When World War I began in 1914, Woodrow Wilson was the President of the United States. The neutrality of the United States in World War I was a major factor of Wilson’s first term as president. In fact, when he ran for re-election in 1916, he campaigned on the idea that he kept the country out of the fighting of World War I. In the election, Wilson easily defeated the Republican candidate Charles Evan Hughes with 49 percent of the popular vote.
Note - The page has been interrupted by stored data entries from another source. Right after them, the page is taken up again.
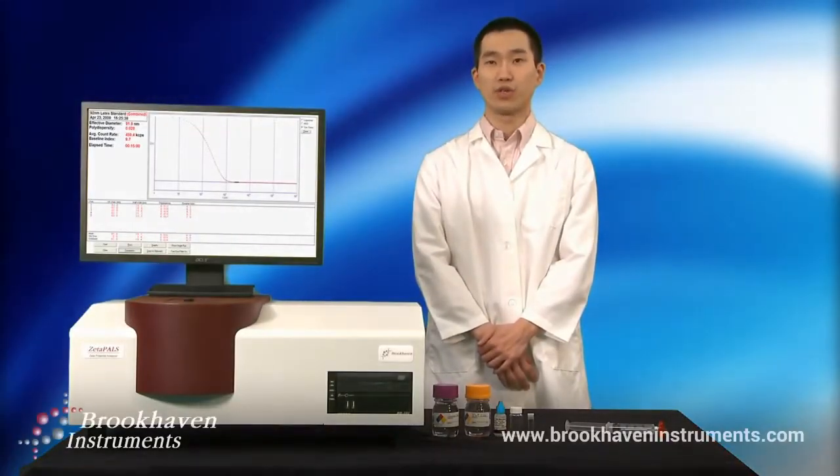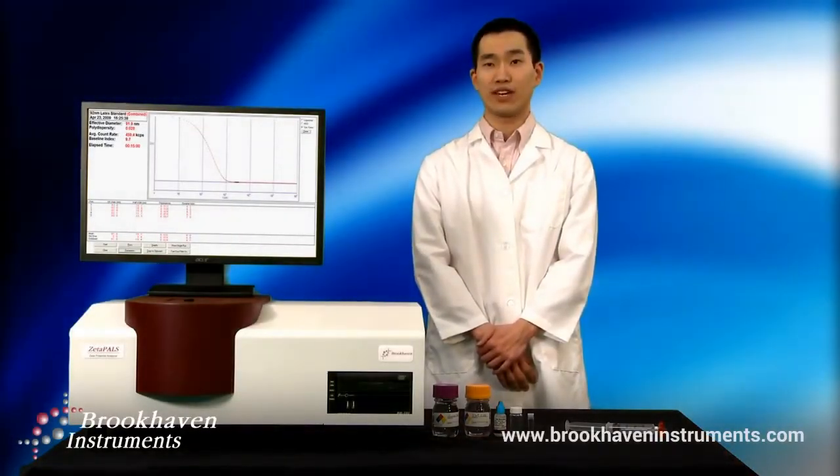Hi, my name is Zach and I will show you step-by-step how to properly prepare a latex sample for validation of DLS instruments. There are many different types of contaminants that can ruin sample preparation, but I will focus on the most troublesome, our invisible enemy: dust.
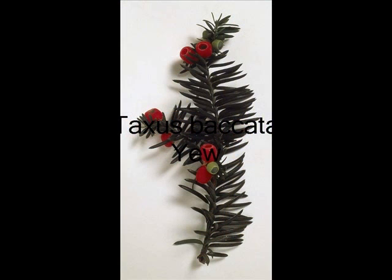It's also evergreen. And here's the yew, Taxus baccata, with its green needles running up the branch and the red fruit. Remember that inside the fruit that seed is poisonous, but there is a chemical called Taxol in Taxus, which is used to fight ovarian cancer.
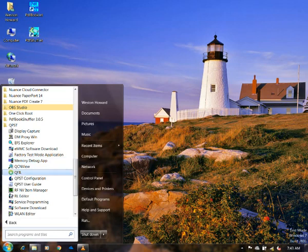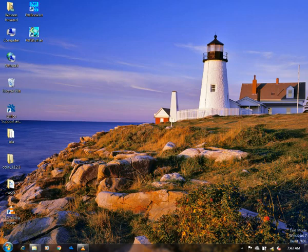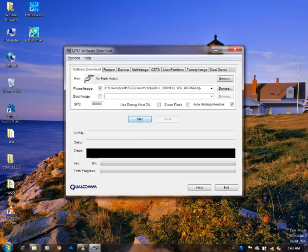Another really great tool that we have is QPST. It's a Qualcomm software that can be used to repair Qualcomm phones. For instance, I've used it on a BlueLife 1X2.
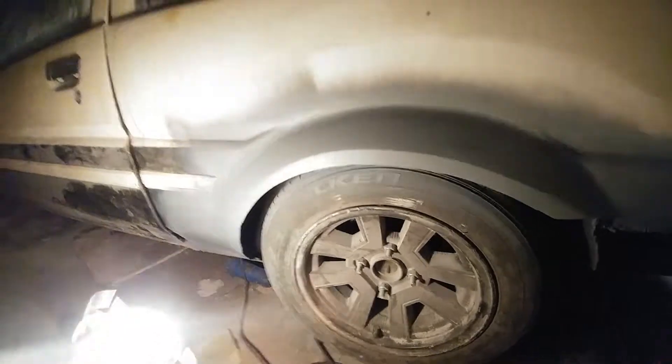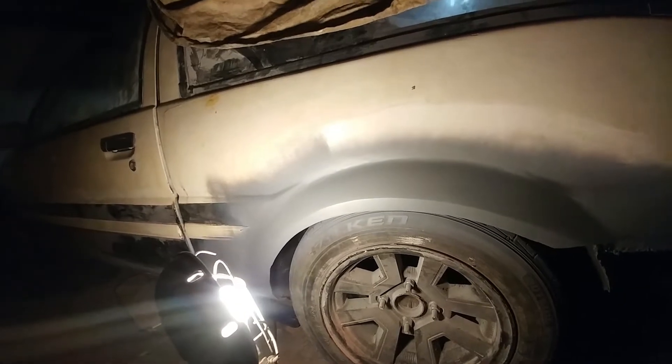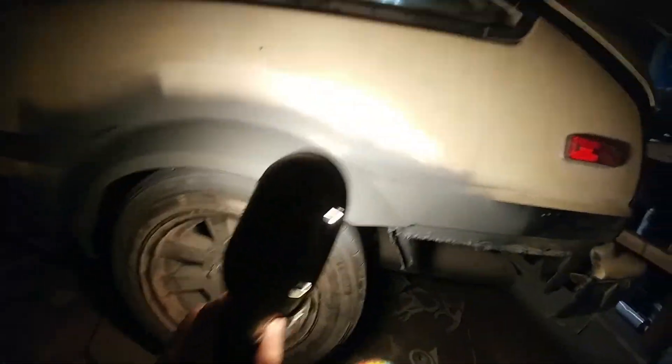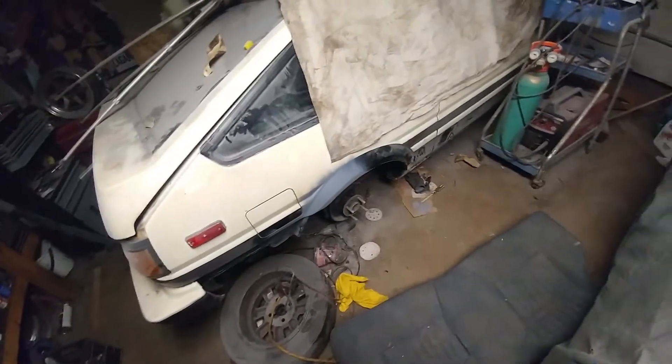On this side of the car the entire arch was gone — if you saw my other video I show exactly how bad it was. In this video you can see it's completely done. I welded in a new arch that I took off the front right fender, then used some body filler to blend it so it looks good. It's not perfect up close, but it's more than good enough for me. At this point, after four years in the making, I just want to enjoy the car.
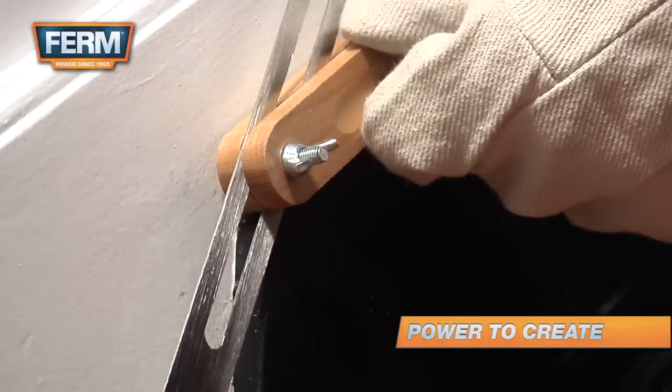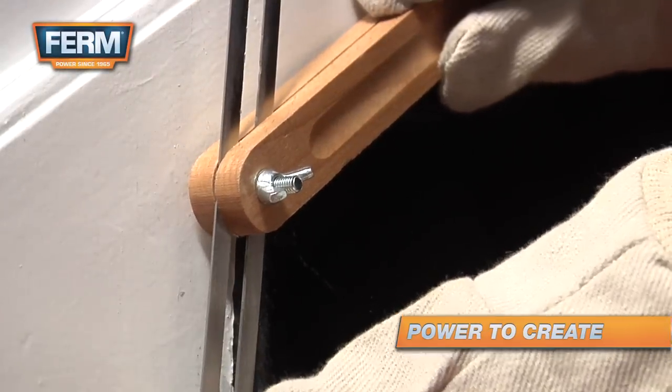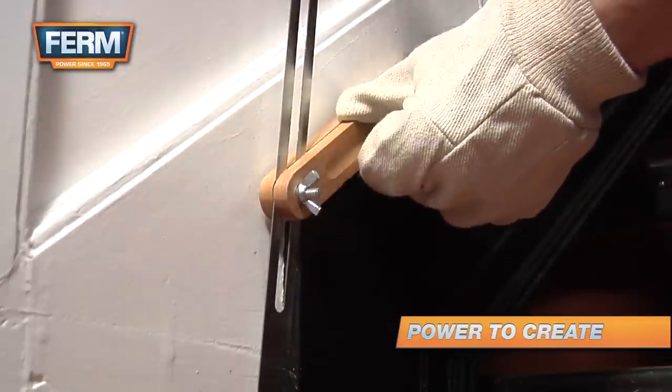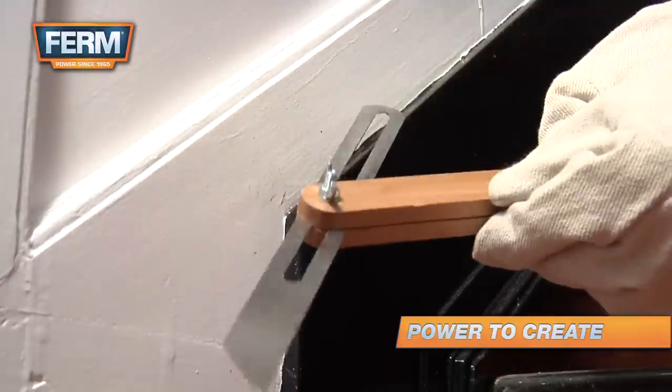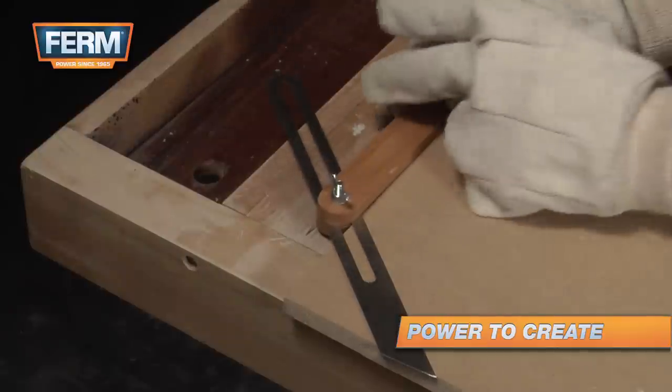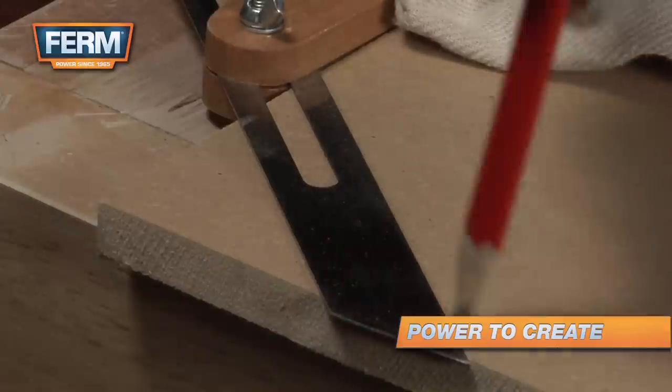A sliding bevel can be used to transfer a measured angle to the workpiece. If you need to measure an angle, lay the sliding bevel along the sides. Make sure the sides of the bevel slider are aligned to the sides. Take the sliding bevel, retain the right angle, and draw the line with a pencil.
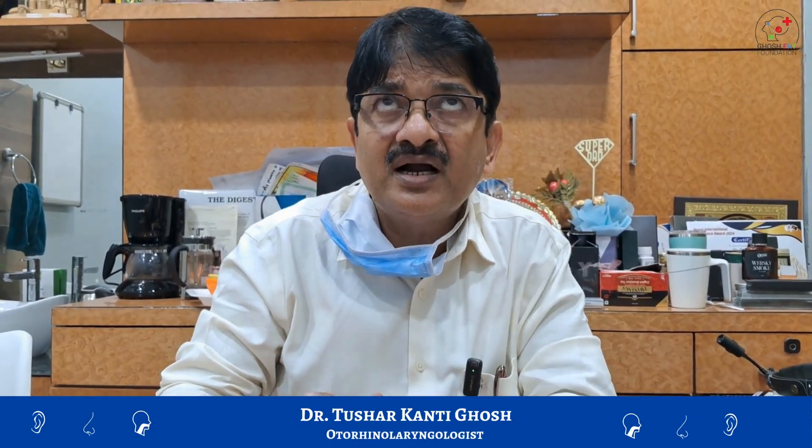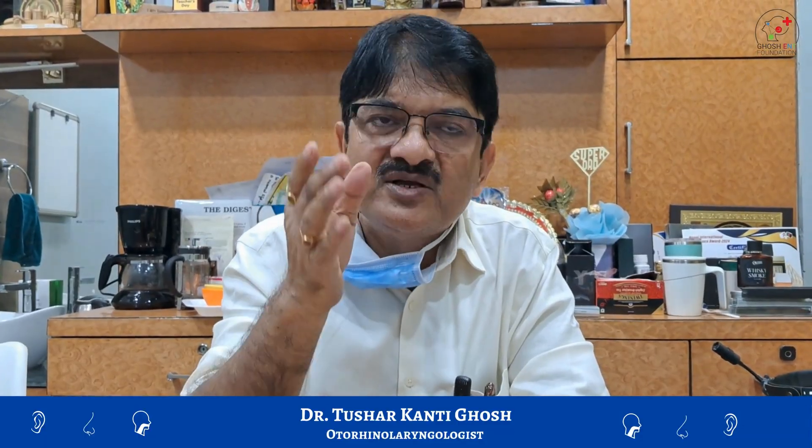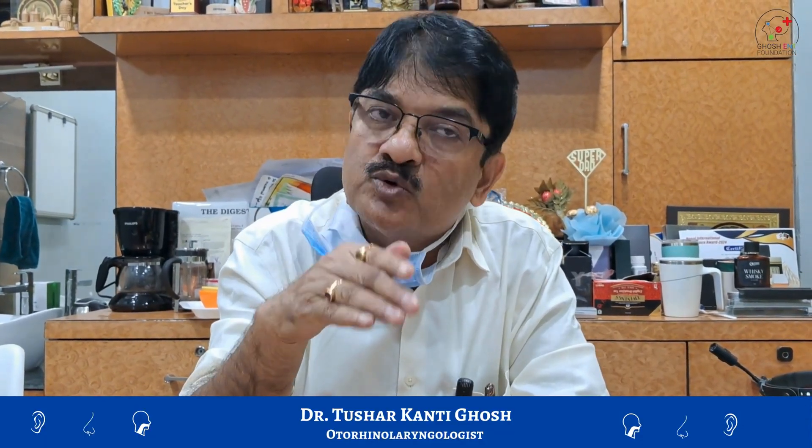Good morning. In this case I will show endoscopic turbinoplasty with micro debriders for inferior turbinate hypertrophy — a very common surgery done every day. With cautery or other methods there is shearing of the normal mucosa of the turbinate; we avoid that by doing turbinoplasty within the turbinate.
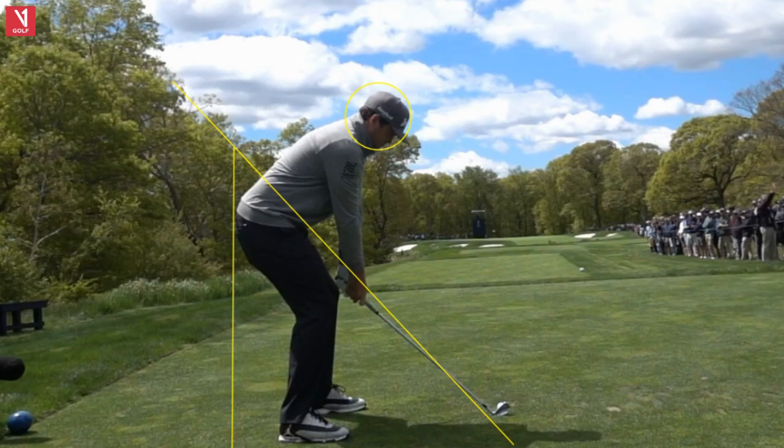I'd love to see him do that sooner than later. So let's take a look at this motion, and I want to talk about the proper setup. A lot of people ask me that when I'm teaching — how should I set up? I think the proper setup is one that gets you into proper impact. So this is a little different right here.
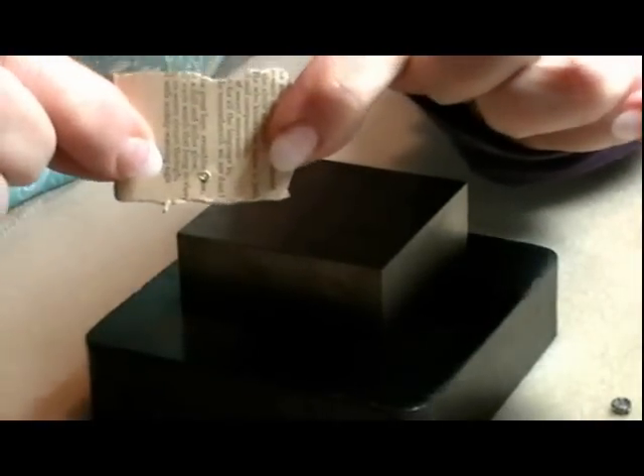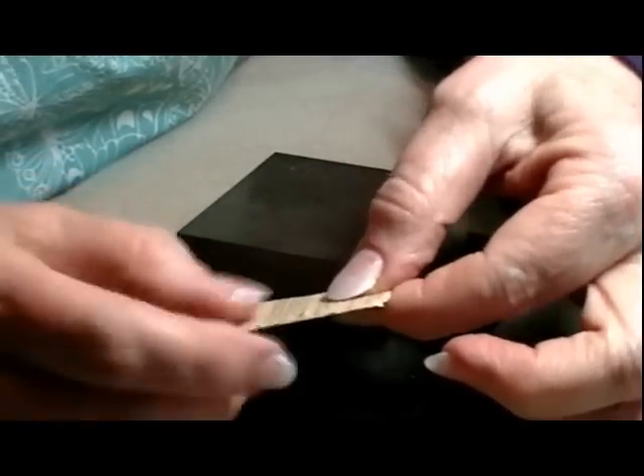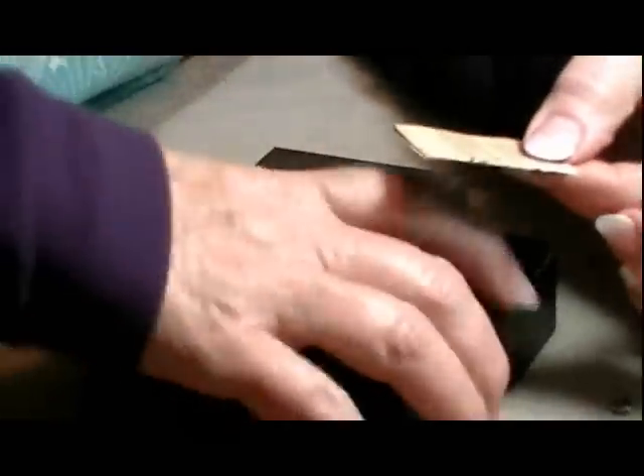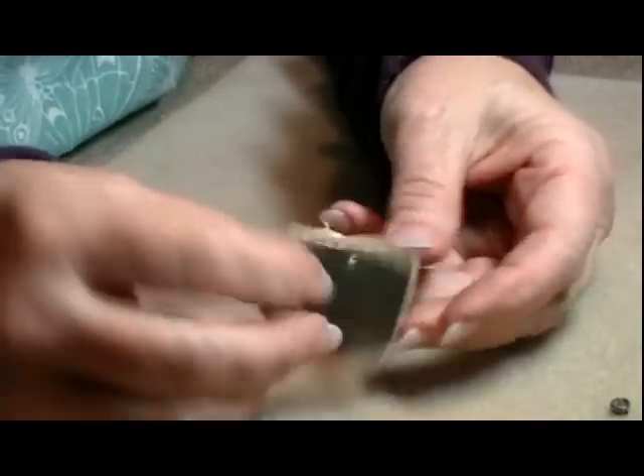So there it is on both sides. This is vintage text, so it rips very easily. If it does, don't worry about it — I'll show you what you can do in case that happens. But if you're very careful with it, it's not going to rip.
American neutrality in World War I was eventually tested at the start of Wilson’s second term as president. For instance, in response to the British naval blockade of Germany, the German Empire began carrying out submarine warfare against ships in the north Atlantic Ocean. For the Germans this was important as they hoped to stop supplies from reaching Britain. Unfortunately, German submarines were responsible for the sinking of several ships which had American citizens on them. The most famous example of this was the sinking of the British ocean liner RMS Lusitania in May of 1915. In total, the German attack on the Lusitania killed 1,198 people including 128 American citizens. Obviously, this created anger in the United States and forced Wilson to deal with the growing crisis. In 1917, the German Empire again began carrying out unrestricted submarine warfare and was one of the main reasons that the United States eventually joined the war effort on the side of the Allied Powers. In fact, in February of 1917, it was discovered that Germany had been in contact with Mexico in hopes of igniting a conflict between Mexico and the United States. This was known as the Zimmerman Telegram, and when combined with Germany’s submarine warfare, it pushed Wilson to eventually declare war against Germany. As such, historians consider the Zimmerman Telegram a significant cause of the United States’ entry into World War I.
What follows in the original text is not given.